Landhaus im Grunewald - Alte Bauten in Berlin

Herthastr. (14193 Grunewald)


Die originale Bildunterschrift lautet:

Landhaus Lucy in Grunewald bei Berlin

In der zeitgenössischen Baubeschreibung findet sich ein Hinweis auf das Nachbarhaus, Haus Wieck. Daraus konnte über die Denkmaldatenbank Berlin die Adresse gewonnen werden, die in der Baubeschreibung nicht angegeben war.

Aufbau und Aufteilung sind aus den beiden beigefügten Grundrissen ersichtlich.

Foto Nr.:473057 Als zusätzliche Information wird die Lage eines Mägdezimmers im vordern Dachgiebel genannt und darauf hingewiesen, dass das Haus zweischalig gebaut wurde, das heißt, dass sich zwischen der Aussenschale und der Innenwand eine Luftschicht befand. Grund für diese Bauweise war neben der Materialersparnis auch schon damals eine gewisse Wärmedämmung.

Wie viele Häuser der damaligen Zeit waren bei Landhaus Lucy auch "..die Wandflächen...an den Hauptseiten mit eingekratzter Malerei versehen."  Dabei handelt es sich hier um florale Malereien auf dem Giebel zur Straße und an der rechten Seite unter dem Dachüberstand auch um eine leider nicht vollstäng zu erkennende Inschrift.    

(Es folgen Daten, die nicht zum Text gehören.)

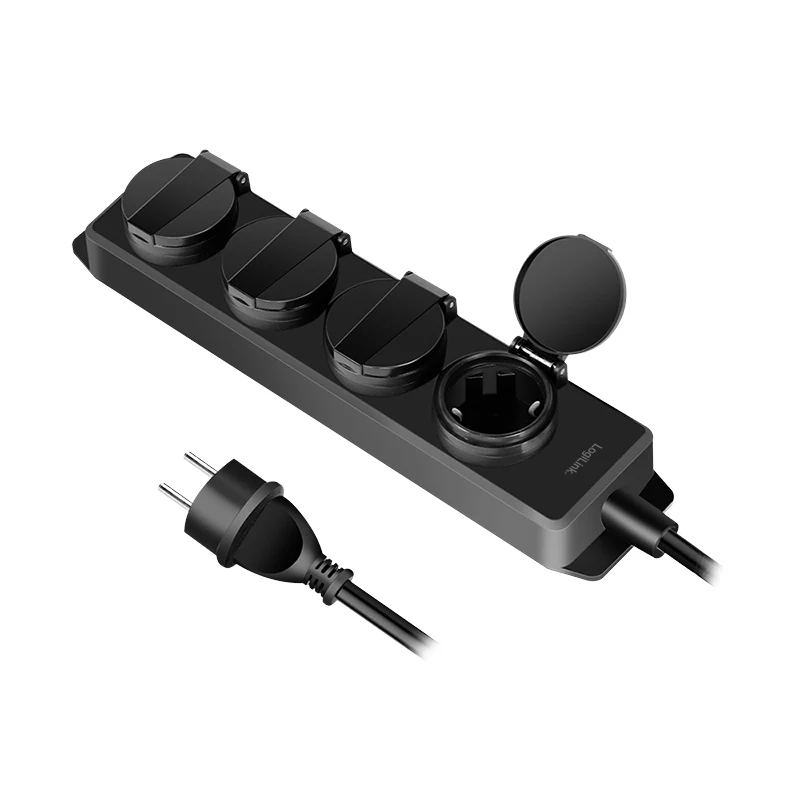 LogiLink outdoor-stroomverdeelkast met 4-voudige stekkerdoos, IP54, groen, 2m kabel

Weitere Fotos aus dem Album "Alte Bauten in Berlin "


Der größte Teil der in diesem Album gezeigten Bauten wurde in der Architekturzeitschrift:

Blätter für Architektur und Kunsthandwerk

veröffentlicht.

Diese Publikation erschien von 1888 bis 1913. Zu den halbmonatlichen Lieferungen wurden zehn bis zwölf Bildtafeln von Gebäuden veröffentlicht. Das heißt pro Jahr zwischen 120 bis ca 140 Bildtafeln und insgesamt ca. 3000 Abbildungen Die Bildtafeln, sog. Heliogravüren zeichnen sicht durch außerordentliche Detailtreue und Feinheit aus. Auch heute nach 100 bis 130 Jahren haben sie wenig von ihrer ursprünglichen Qualität verloren, so dass in einzelnen Fällen sogar Ausschnittvergrößerungen möglich sind. Bilderbuch Berlin wird alle diese Vorlagen, soweit sie die alte Reichshauptstadt betreffen, in der nächsten Zeit in diesem Album veröffentlichen.

Zu den einzelnen Bildtafeln lieferte die Redaktion Baubeschreibungen, die teilweise wörtlich zitiert, teilweise als Grundlage der eigenen Beschreibungen herangezogen werden.  

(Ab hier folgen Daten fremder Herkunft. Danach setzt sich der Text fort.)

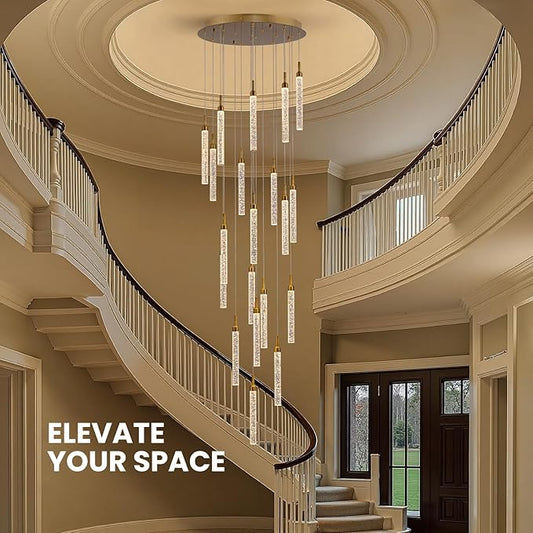 SNZ 20-Light Gold Crystal Chandelier, High Ceiling Chandelier for Staircase, Modern LED Dimmable Pendant Light Fixture for Entryway Hallway Living Room, 157in, Gold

Architekturzeitschriften wie die vorliegende waren Publikationen für Architekten und Architekturinteressierte, die sicher zum Teil als Vorlagen für eigene Entwürfe und Gestaltungsmöglichkeiten dienten. Die Abbildung  historischer Bauten vom Mittelalter bis zum Ende des 18. Jhdts. lieferten außerdem mögliche Anregungen auf die die Baumeister des 19. und frühen 20. Jhdts. im Sinne des vorherrschenden Historismus zurückgreifen konnten.   

Die Bezugskosten beliefen sich übrigens im Jahre 1888 auf "36 Mark jährlich bei freier Zustellung"!
Vom zweiten Jahrgang an war die Erscheinungsweise nur noch monatlich und der Bezugspreis belief sich auf:Vierteljährlich 6 Mark bei freier Zustellung".

Ab September 1889 war der Herausgeber Paul Graef (1855-1925), Architekt und Hochschullehrer, der unter Anderem als Mitarbeiter von Paul Wallot (1841-1912) am Bau des Reichstages beteiligt war. Graef lieferte auch ein große Anzahl der Fotografien, die in den "Blättern für..." veröffentlicht wurden.

 

(Anmerkung: Bei wörtlichen Zitaten aus den Beschreibungen wurden die zeitgenössische Diktion und Rechtschreibung übernommen. z.B. Strasse, Thurm, Thor, gesammt, Stiehl)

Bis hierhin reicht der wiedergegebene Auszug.